Incredible! A masterful work of art.
Never one to count his success by the number of albums sold, this musician says, "music is its own reward." And "Song from the Labyrinth" is truly a labour of love for him.
Gordon Sumner's musical career began with jazz and a bass guitar in his home of Newcastle, England. A band mate spotted Sumner wearing a yellow and black striped sweater one day and called him Sting. The name stuck and it is how he is known today. This former teacher was involved with a number of bands early in his career, the most famous of which is The Police.
After The Police split up Sting turned to acting. When he once again turned to music he did not pick up the bass but a regular guitar. With that his solo career began and shows no sign of slowing down for this 55 year old rocker.
His latest work of music is an album of music from the Elizabethan period. The album "Songs from the Labyrinth" was inspired by the gift of a lute. While Sting left the lute playing to master lutenist Bosnian Edin Karamazov, Sting puts his unique style on the lyrics.
The music in the album is that of English singer-songwriter John Dowland.
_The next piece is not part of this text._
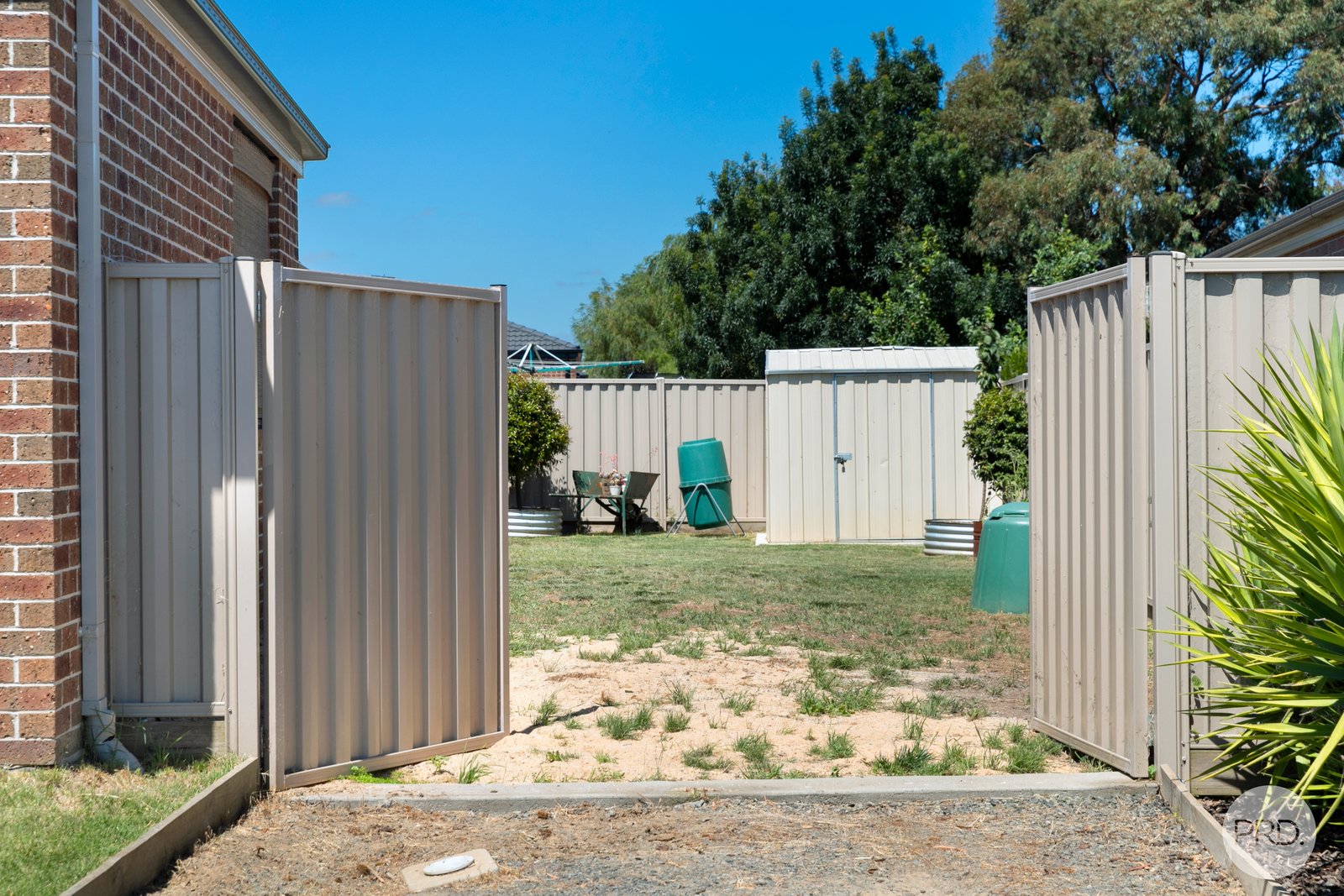 117 Kossuth Street SEBASTOPOL 2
Like most musicians of his time Dowland served at the mercy of the court - he wrote and played his music for the royalty of Europe. Considered one of the greatest musicians of his time John Dowland was thought to be the first English singer-songwriter. In performing the songs on the album Sting admits a lack of experience in music of the era so he approaches the songs as if they were pop tunes - only 500 years old.
Interspersed among the songs Sting reads excerpts from a letter penned by Dowland to Her Majesty Queen Elizabeth I.
A labour of love for Sting "Songs from the Labyrinth" contains beautiful yet simple melodies heard only in music of the Baroque era.
Once again Sting has demonstrated his ability to go outside the realm of his supposed rock world to produce a masterful work of music from the Elizabethan composer John Downland.